Here are some popular connectors used in real-world projects:

#### Source Connectors (pull data into Kafka)

- **Debezium** (PostgreSQL, MySQL, MongoDB) – captures changes (CDC) in real time
- **JDBC Source** – pulls data from any relational database using SQL queries
- **Kafka Connect File Source** – reads data from CSV, JSON, or text files
- **MQTT Source** – pulls IoT sensor data from MQTT brokers
- **S3 Source** – reads files from AWS S3 buckets

#### Sink Connectors (push data out of Kafka)

- **JDBC Sink** – write Kafka data to PostgreSQL, MySQL, SQL Server, etc.
- **Elasticsearch Sink** – index data into Elasticsearch for search and analytics
- **MongoDB Sink** – send JSON records to MongoDB collections
- **S3 Sink** – archive Kafka data to AWS S3 as JSON, Avro, or Parquet
- **BigQuery Sink** – stream Kafka data into Google BigQuery
- **Kafka Connect File Sink** – save Kafka data to disk as files


### Tips for Connecting External Systems

- Check connector compatibility  
  Always ensure the connector version matches your Kafka Connect version and Kafka cluster.

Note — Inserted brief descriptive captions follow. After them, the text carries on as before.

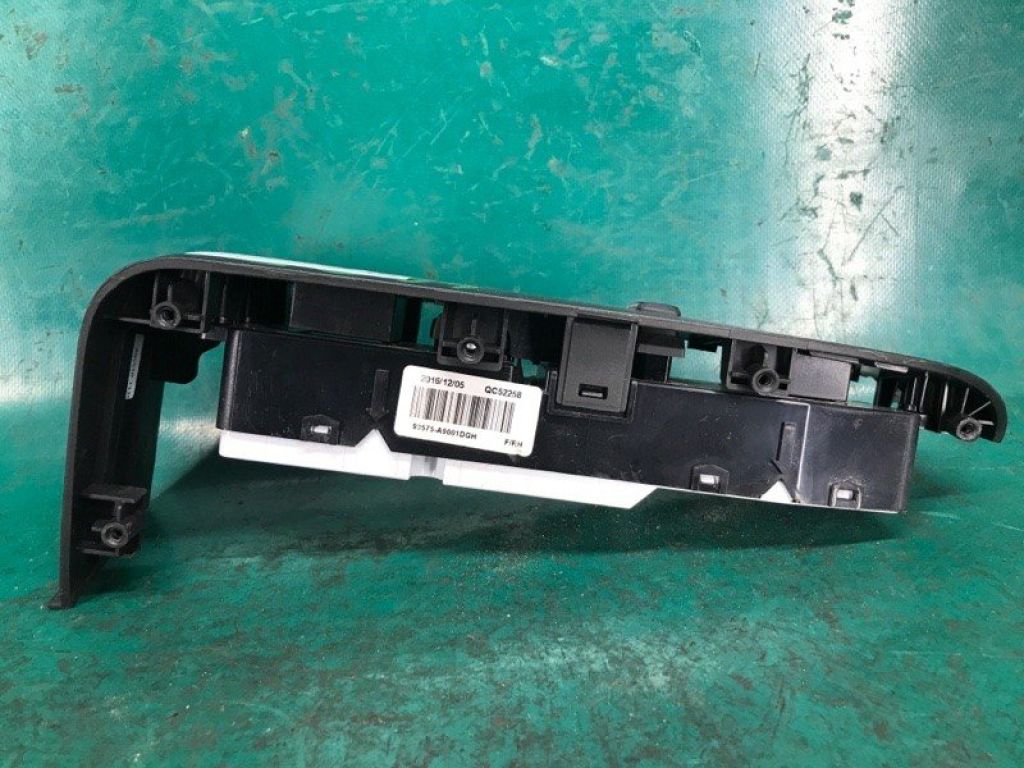 93575-A9000DGH | Кнопка стеклоподъемника передн. прав. KIA SEDONA 14-18 - Фото 2
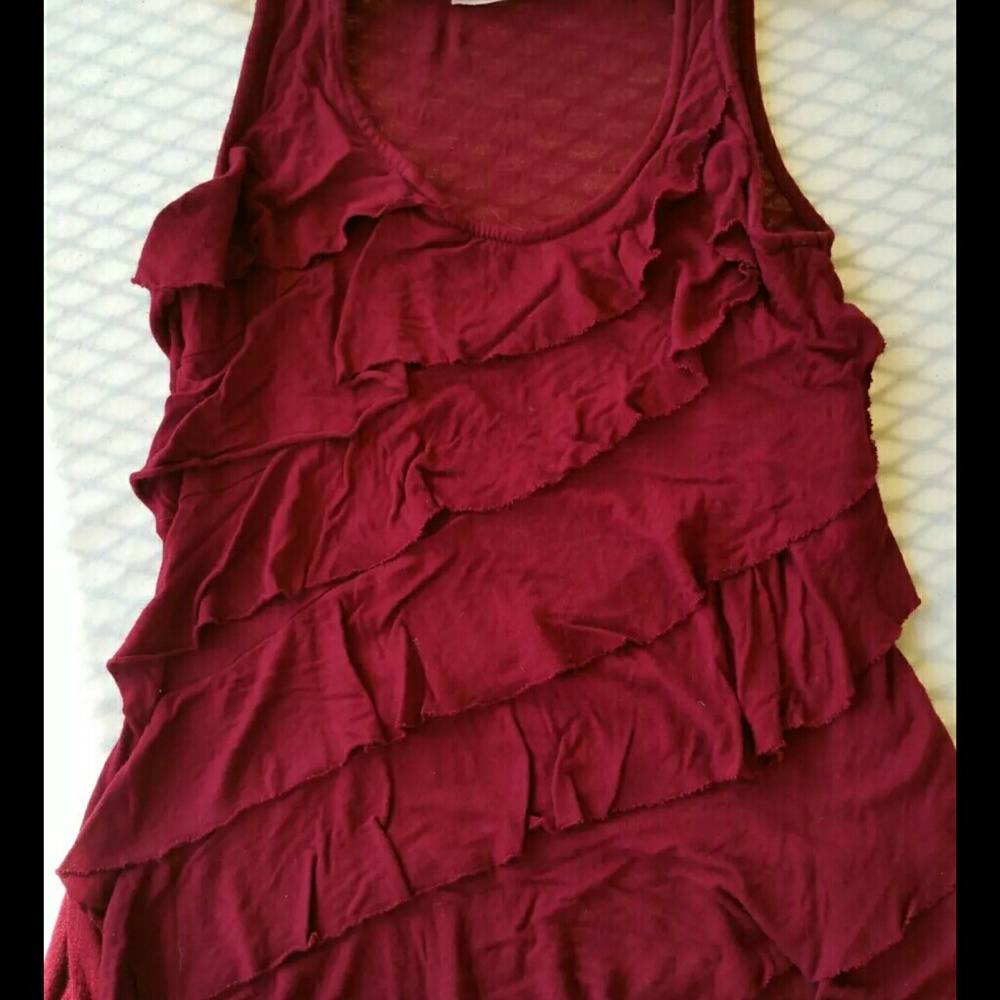 Ruffle sleeveless top. Perfect paring for either Super Bowl team & Valentines
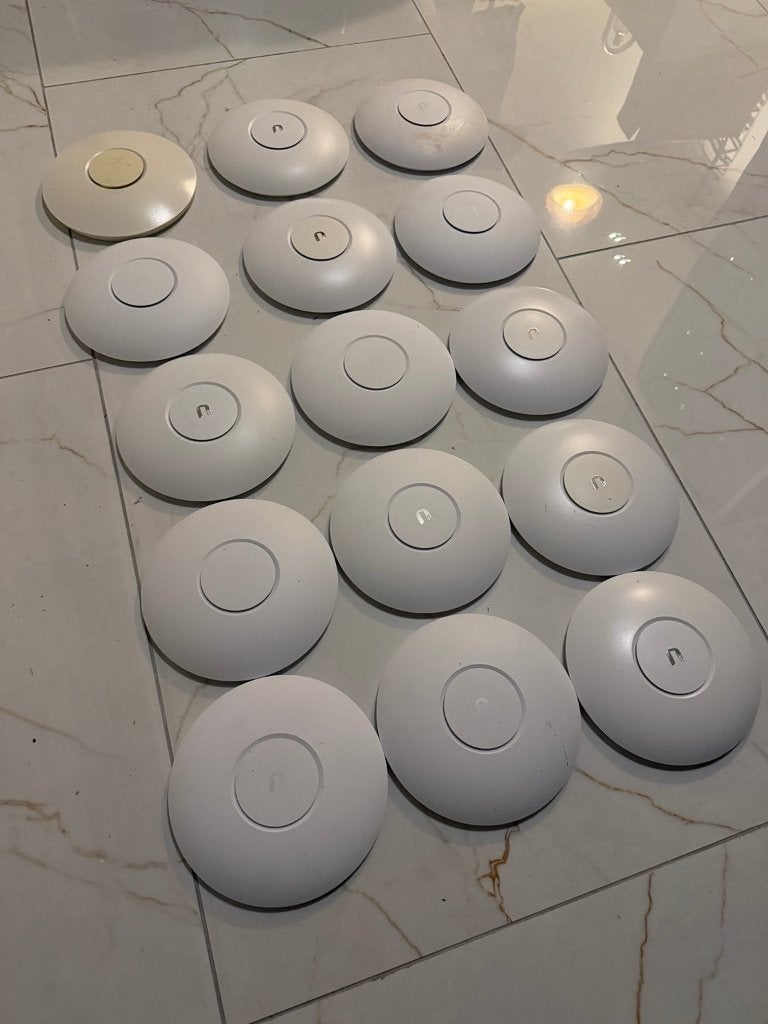 Ubiquiti UniFi AC-PRO Access Point | Meerdere beschikbaar, Ophalen of Verzenden, Zo goed als nieuw, Ubiquity UniFi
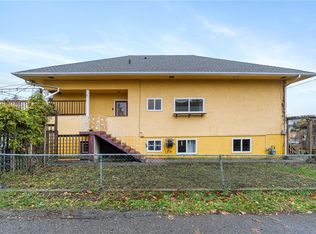 534 Nicol St, Nanaimo, BC V9R4T7
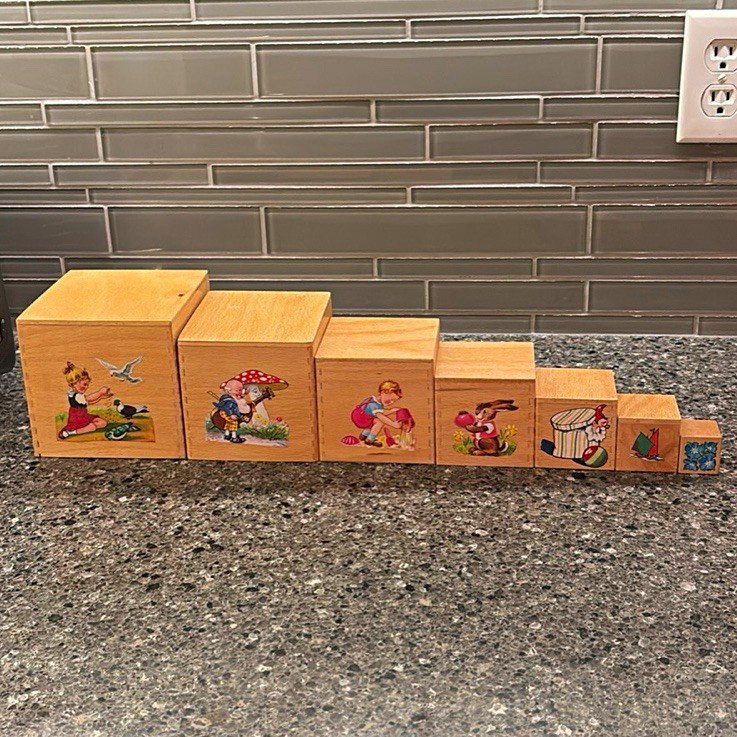 Vintage Wooden Animal Nesting Cubes Blocks Complete Set of 7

- Set the `plugin.path` correctly  
  Each connector should be placed in its own subfolder. Make sure `plugin.path` is defined in your worker configuration that points to this path. 

- Understand schemas  
  Some connectors (especially Avro or Protobuf) require a Schema Registry to track data structure definitions.

- Use the REST API in distributed mode  
  For production deployments, the Kafka Connect REST API is the preferred way to create, monitor, and delete connectors programmatically.

## Key Takeaways

- Kafka Connect is a framework for integrating Kafka with external systems using configurable source and sink connectors.
- Use standalone mode for local testing and distributed mode for scalable, production-grade deployments.
- The `plugin.path` in your worker config tells Kafka Connect where to find installed connectors.
- Source connectors bring data into Kafka; sink connectors send data out to databases, files, cloud storage, and more.
- Use converters (`key.converter` and `value.converter`) to define how Kafka data is serialized (e.g., String, JSON, Avro).
- Kafka Connect supports built-in and community connectors for systems like PostgreSQL, MySQL, S3, Elasticsearch, and MongoDB.